__EXERCISE__
Look below for the line containing "Easily installed and" and the line containing "solution for your"; repeat exactly those two lines and all lines between them, and nothing else.

(DATA IN THIS EXERCISE begins)

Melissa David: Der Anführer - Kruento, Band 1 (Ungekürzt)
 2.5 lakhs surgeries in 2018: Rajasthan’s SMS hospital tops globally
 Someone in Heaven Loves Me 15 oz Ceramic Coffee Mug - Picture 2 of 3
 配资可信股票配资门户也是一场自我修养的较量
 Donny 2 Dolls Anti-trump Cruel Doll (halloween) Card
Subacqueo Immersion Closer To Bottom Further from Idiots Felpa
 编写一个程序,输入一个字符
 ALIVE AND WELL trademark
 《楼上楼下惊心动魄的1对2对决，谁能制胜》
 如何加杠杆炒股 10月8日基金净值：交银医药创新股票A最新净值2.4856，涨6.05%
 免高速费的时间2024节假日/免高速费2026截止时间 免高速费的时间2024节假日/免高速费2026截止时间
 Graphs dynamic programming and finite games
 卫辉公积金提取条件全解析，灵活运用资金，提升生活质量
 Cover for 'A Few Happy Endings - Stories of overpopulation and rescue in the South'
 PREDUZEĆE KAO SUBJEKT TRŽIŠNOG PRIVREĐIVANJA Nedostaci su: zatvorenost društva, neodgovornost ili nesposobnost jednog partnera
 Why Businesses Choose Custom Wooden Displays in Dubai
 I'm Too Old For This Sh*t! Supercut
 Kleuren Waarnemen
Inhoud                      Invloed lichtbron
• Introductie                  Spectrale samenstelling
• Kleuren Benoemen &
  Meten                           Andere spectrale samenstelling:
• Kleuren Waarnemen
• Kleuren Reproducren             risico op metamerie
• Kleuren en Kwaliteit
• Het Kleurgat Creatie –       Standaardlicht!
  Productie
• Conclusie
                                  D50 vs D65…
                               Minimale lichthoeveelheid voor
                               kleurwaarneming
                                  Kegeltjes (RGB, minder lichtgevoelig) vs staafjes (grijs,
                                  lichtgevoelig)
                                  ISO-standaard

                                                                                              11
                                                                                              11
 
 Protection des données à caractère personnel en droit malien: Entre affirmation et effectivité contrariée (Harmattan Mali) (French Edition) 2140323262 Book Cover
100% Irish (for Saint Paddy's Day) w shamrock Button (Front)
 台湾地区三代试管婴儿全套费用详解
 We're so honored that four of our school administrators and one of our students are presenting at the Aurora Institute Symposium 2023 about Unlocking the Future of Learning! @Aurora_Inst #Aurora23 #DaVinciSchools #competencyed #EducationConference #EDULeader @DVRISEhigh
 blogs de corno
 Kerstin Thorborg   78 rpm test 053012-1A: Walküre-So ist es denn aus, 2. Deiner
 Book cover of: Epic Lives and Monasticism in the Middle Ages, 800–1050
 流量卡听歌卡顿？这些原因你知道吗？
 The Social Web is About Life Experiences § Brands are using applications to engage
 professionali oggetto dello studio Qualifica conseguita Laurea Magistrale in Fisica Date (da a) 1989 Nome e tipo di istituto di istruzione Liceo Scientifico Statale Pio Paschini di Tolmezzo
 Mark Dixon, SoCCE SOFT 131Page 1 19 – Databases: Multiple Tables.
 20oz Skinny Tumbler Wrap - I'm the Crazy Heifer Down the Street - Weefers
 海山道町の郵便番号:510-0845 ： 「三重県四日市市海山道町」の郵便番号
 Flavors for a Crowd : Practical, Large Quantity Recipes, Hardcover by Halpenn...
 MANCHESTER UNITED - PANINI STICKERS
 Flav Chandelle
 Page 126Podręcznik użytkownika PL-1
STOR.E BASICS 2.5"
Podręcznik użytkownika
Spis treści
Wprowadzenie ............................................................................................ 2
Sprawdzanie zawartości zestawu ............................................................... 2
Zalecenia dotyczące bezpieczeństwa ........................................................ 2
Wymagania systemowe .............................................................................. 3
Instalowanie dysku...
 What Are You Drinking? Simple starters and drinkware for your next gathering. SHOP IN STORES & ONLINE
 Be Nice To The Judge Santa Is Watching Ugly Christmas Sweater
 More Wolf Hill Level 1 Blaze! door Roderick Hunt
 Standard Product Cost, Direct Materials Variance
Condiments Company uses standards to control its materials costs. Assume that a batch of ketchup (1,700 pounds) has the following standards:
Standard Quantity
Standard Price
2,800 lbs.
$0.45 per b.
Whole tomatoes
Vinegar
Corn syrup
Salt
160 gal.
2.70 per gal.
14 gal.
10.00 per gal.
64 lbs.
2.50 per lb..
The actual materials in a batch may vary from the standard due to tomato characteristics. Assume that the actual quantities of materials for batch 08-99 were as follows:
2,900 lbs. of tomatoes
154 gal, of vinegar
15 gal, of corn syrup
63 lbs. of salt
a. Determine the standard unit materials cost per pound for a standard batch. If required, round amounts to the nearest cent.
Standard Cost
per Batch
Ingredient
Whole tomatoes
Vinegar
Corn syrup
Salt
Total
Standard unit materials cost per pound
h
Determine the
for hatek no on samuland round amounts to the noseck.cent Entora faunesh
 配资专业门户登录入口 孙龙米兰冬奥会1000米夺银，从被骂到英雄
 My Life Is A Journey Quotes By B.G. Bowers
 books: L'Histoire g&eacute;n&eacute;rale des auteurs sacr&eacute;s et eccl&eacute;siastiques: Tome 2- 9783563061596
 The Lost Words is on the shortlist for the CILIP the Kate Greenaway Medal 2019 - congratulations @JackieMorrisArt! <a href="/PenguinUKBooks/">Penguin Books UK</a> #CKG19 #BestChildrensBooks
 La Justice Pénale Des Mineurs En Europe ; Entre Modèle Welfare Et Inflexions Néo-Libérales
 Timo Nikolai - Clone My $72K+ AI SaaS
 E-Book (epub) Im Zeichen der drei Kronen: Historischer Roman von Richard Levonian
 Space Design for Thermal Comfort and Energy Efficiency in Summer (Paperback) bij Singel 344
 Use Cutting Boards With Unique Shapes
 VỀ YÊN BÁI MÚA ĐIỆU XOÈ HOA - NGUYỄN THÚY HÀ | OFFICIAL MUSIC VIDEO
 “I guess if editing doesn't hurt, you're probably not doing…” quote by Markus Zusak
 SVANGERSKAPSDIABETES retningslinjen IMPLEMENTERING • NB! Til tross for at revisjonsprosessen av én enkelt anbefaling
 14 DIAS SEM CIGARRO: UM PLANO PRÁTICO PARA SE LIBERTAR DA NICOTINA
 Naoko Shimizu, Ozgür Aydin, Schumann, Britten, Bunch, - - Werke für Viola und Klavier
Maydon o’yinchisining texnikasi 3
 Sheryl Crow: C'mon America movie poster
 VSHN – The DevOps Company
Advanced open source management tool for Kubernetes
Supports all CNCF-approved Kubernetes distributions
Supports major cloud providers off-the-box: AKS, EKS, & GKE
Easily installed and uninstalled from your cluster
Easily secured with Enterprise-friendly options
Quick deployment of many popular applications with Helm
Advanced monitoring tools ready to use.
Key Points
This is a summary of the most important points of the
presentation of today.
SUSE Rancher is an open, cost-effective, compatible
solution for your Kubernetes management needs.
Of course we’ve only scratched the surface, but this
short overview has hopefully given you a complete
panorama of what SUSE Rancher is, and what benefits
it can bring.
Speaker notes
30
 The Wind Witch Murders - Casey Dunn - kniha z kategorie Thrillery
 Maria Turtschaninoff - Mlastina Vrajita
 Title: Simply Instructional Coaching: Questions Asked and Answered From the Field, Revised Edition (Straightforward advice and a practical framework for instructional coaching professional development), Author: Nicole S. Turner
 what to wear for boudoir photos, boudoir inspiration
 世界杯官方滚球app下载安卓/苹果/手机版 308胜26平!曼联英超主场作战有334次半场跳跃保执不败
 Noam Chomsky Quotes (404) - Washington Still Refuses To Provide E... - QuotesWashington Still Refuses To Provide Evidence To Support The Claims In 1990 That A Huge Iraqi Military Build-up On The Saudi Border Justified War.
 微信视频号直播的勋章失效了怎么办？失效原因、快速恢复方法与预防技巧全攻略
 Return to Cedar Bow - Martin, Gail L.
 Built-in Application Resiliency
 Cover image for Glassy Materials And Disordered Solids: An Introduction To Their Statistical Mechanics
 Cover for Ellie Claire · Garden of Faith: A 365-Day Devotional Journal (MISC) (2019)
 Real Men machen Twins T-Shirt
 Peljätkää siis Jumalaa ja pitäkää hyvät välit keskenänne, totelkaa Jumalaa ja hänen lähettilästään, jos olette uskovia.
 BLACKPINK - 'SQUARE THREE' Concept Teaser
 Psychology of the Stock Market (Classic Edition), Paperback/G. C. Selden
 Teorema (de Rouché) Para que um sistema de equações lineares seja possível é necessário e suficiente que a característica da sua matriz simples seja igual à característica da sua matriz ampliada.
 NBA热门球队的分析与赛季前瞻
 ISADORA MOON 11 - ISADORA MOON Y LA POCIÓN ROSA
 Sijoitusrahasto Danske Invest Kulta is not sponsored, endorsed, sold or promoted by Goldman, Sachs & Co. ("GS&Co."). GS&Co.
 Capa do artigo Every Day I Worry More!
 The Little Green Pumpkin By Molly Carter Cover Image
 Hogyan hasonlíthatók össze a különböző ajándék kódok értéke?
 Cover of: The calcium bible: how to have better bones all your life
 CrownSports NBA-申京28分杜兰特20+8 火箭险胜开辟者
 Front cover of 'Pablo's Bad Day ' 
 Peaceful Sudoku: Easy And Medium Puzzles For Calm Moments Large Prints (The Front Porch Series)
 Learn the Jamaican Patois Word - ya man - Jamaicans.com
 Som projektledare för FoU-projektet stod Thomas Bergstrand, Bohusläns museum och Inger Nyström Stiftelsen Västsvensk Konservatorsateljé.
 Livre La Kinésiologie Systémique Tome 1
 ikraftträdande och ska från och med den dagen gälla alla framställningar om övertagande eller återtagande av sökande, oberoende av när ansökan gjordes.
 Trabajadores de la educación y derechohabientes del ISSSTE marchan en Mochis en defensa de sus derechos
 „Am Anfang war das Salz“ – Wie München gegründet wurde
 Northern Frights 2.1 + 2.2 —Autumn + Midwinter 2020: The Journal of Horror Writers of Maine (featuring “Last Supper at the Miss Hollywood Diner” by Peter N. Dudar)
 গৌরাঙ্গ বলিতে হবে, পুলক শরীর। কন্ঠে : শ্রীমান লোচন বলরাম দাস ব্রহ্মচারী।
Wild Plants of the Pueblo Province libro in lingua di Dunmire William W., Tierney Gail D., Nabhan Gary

(DATA IN THIS EXERCISE ends)

__COMPLETED EXERCISE__
Easily installed and uninstalled from your cluster
Easily secured with Enterprise-friendly options
Quick deployment of many popular applications with Helm
Advanced monitoring tools ready to use.
Key Points
This is a summary of the most important points of the
presentation of today.
SUSE Rancher is an open, cost-effective, compatible
solution for your Kubernetes management needs.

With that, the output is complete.